(Task prompt): Leave out the pictures and output exactly the lines below from the one with "What you need" down to the one with "This article was", both of them included.

(Exercise input):
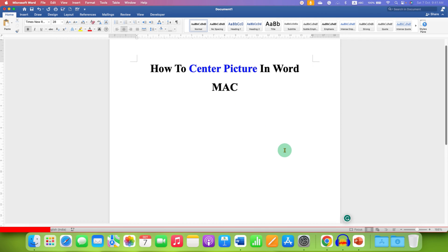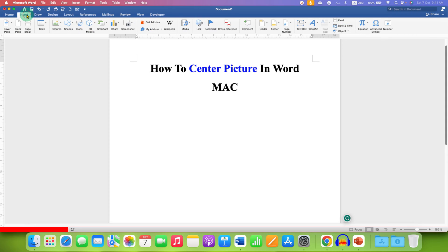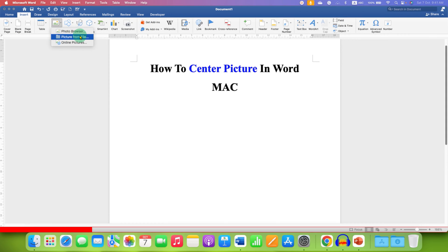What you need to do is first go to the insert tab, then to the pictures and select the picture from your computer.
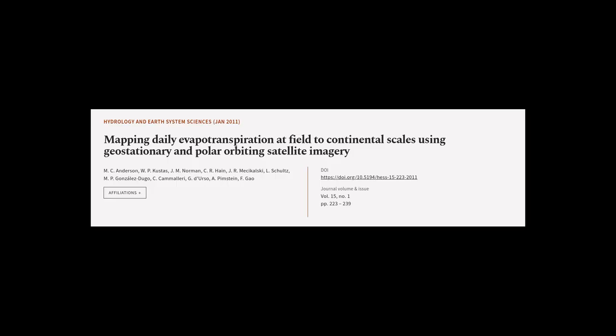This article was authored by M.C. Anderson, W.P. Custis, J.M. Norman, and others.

--

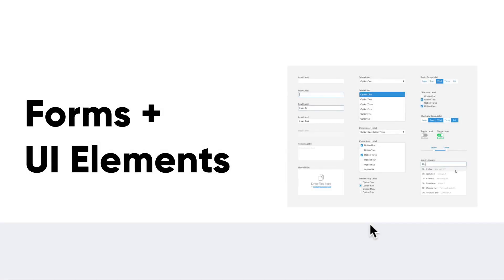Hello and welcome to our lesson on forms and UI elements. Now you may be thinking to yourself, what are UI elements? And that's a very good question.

---

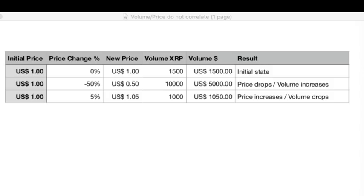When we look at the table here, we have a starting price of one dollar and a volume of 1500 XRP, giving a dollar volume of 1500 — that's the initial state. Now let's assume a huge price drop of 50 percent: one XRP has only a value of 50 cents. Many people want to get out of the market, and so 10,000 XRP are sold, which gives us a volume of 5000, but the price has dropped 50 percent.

(Written response):
What you need to do is first go to the insert tab, then to the pictures and select the picture from your computer.
This article was authored by M.C. Anderson, W.P. Custis, J.M. Norman, and others.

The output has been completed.